This Is Not A
As can be well understood, I am presently even more reluctant to enumerate my flightless egg-dwellers than heretofore. Nonetheless, things may well be on the up.
After work on Wednesday, I went over to our local branch of what is alleged to be our fair land's major computer retailers. Finding nothing on display which remotely resembled what I was looking for, I was then approached by a member of staff (for given values of the word 'member'), who informed me that they didn't stock PSUs there, only at their 'megastores', the nearest of which was at least three bus rides away.
After work on Thursday, I went into town to check out two of our locally-based companies (which doesn't - alas - currently include Micro Plus, as their shop here has been 'closed for refurbishment' for three months; after that length of time, I shall expect the walls to be gold-lined when (if) it re-opens). In the first one, I was attended to by a lad who appeared to be around seventeen, who showed me one PSU. This was of no use to me because it didn't have a line out for the PCI-E graphics card. He explained that it would be possible to use an adapter from one of the peripheral power ('Molex') connectors, but as I already needed three Molexes (Molices?), this wasn't an option.

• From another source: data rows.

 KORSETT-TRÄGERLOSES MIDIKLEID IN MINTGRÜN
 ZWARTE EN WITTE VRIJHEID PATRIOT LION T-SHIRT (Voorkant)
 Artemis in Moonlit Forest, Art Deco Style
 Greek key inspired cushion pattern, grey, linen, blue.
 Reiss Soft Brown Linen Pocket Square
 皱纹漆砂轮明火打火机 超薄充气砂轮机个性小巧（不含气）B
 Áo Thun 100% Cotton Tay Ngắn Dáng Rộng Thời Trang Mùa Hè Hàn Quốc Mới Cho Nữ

Off I trotted to the other one. There, a fellow who looked even younger than the one I'd already encountered (I think I'm getting old) showed me two or three which also didn't come up to snuff, and kindly shared my frustration by saying that he knew perfectly well what I was searching for, but they didn't have one like that in stock.

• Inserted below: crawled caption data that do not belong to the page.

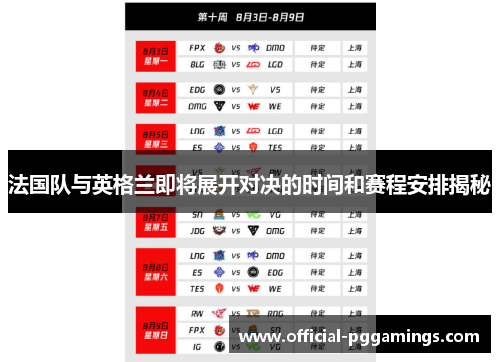 法国队与英格兰即将展开对决的时间和赛程安排揭秘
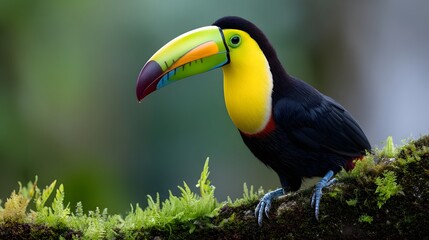 Fototapeta premium Vibrant toucan perched on mossy tree in lush rainforest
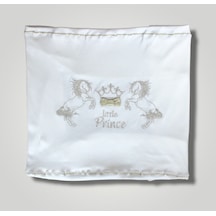%100 Pamuklu Gold Atlı Prince Bebek Battaniyesi - Yumuşak Puset & Bebek Arabası Örtüsü Altın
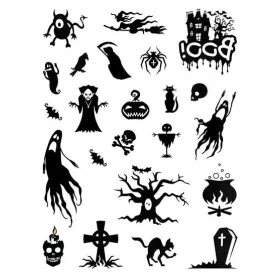 Halloween tetoválás matrica, 23 db-os, fekete-fehér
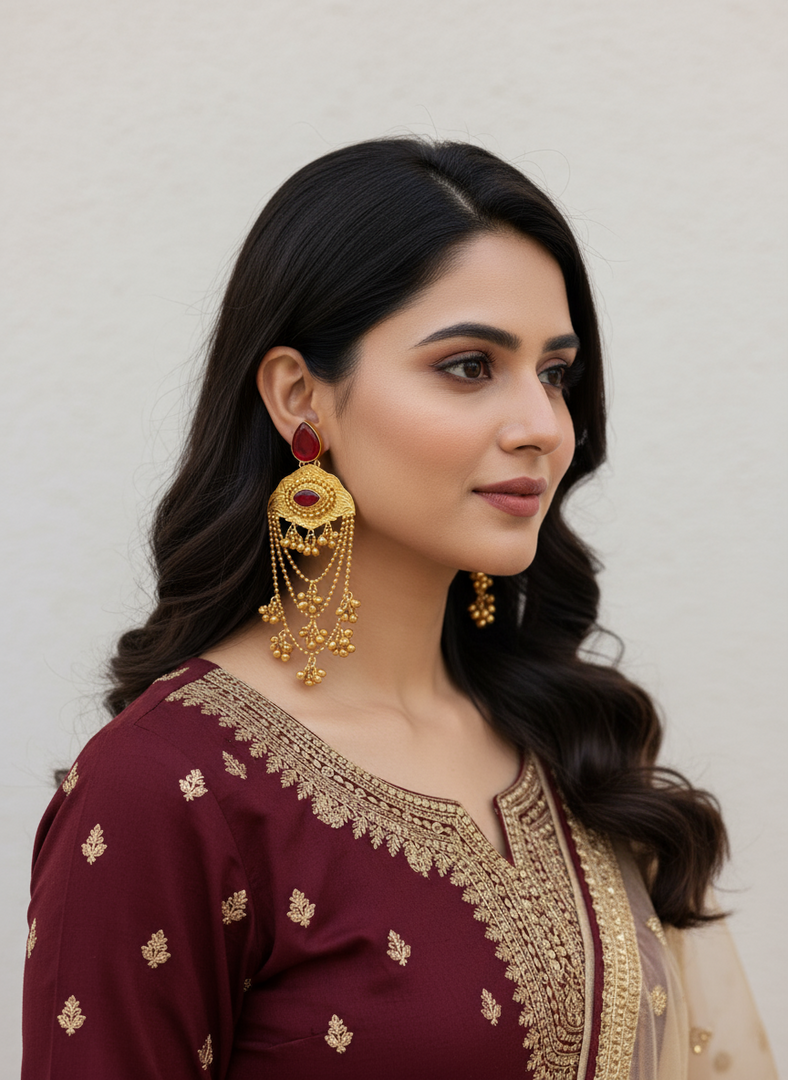 Red brass gold Kashmiri long earrings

Thanking him, but resigned to failure, I headed off to the nearby branch of another national electronics store; the one which has a very similar name to a fictional holiday camp. Looking around, I saw one which - in terms of its connections - was exactly what I was looking for. However, whereas I had been looking for one in the 400-450W range (the failing PSU was a 380W job), this one was 500W, which was more power than I really needed.
I suppose it says something about me that my misgivings on this score were overcome by the fact that the price had been reduced from just under £40 to £32-and-a-bit. Also bearing in mind that it was either that or eBay, I made up my mind and bought it.
I left the job of installing it until after tea and an abortive attempt at a nap. I had already removed the old power unit (and put the side and top of the case back on 'to stop the dust getting in', realising only after the event that there was now a fucking great big hole in the back of the case where the PSU had been, thus rendering my tidy-mindedness obsolete).
Fitting the new unit in was easy enough, although I had to slacken three of the screws again in order to get the fourth one in. Then came the fun of connecting everything.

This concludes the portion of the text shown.